SOURCE DATA START

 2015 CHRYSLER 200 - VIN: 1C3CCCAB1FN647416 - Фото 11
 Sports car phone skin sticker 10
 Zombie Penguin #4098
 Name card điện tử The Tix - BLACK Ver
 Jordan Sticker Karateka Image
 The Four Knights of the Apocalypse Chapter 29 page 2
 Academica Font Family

SOURCE DATA END

Return every record, word for word.

**RESULT:**
 2015 CHRYSLER 200 - VIN: 1C3CCCAB1FN647416 - Фото 11
 Sports car phone skin sticker 10
 Zombie Penguin #4098
 Name card điện tử The Tix - BLACK Ver
 Jordan Sticker Karateka Image
 The Four Knights of the Apocalypse Chapter 29 page 2
 Academica Font Family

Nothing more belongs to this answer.